▶ _EXERCISE OBJECTIVE_
Leave out all pictures while you copy the lines exactly from the one with "Altard state women’s" through the last line of the listing.

▶ _INFORMATION SUPPLIED_
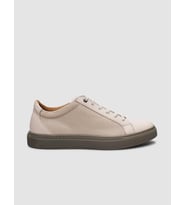 %100 Hakiki Deri Bej Bağcıklı Erkek Sneaker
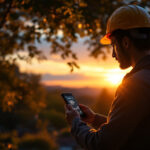 A photograph of a lighting contractor using a high-tech sunrise sunset timer in an outdoor setting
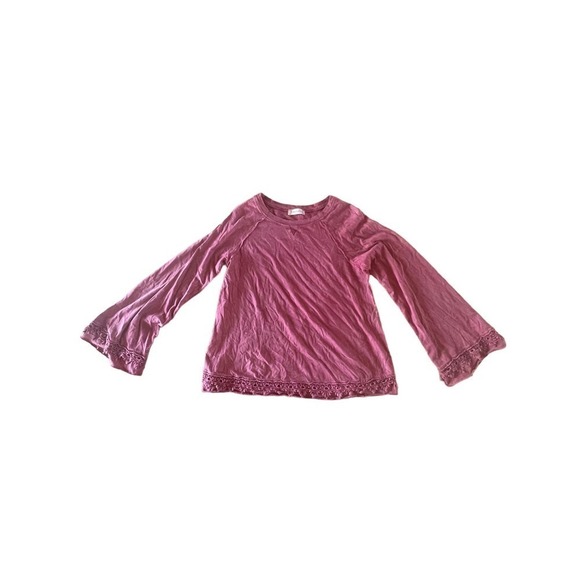 Altard state women’s blouse, bell sleeves. Distressed look with lace trim. Small - Picture 1 of 4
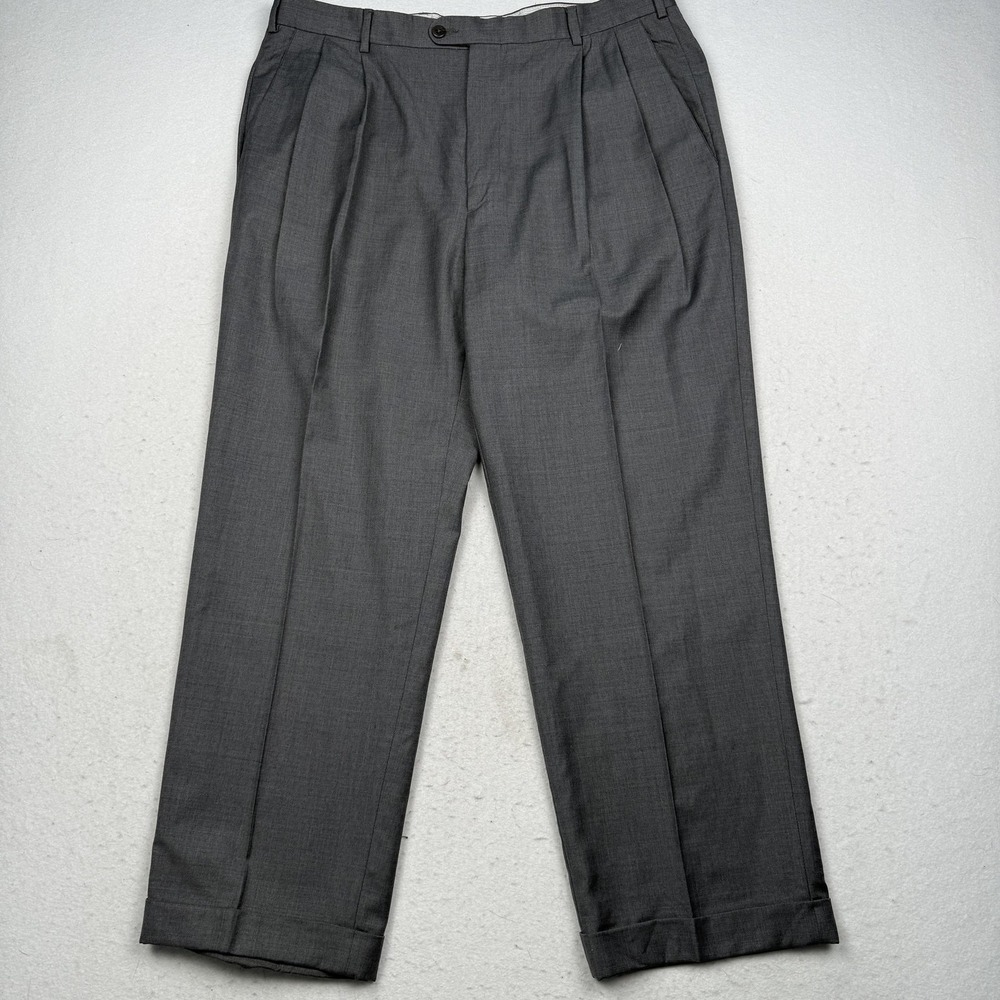 Zanella Dress Pants Mens Gray Pleated Cuffed Trouser Slacks Classic Office 36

▶ _RESPONSE AREA_
 Altard state women’s blouse, bell sleeves. Distressed look with lace trim. Small - Picture 1 of 4
 Zanella Dress Pants Mens Gray Pleated Cuffed Trouser Slacks Classic Office 36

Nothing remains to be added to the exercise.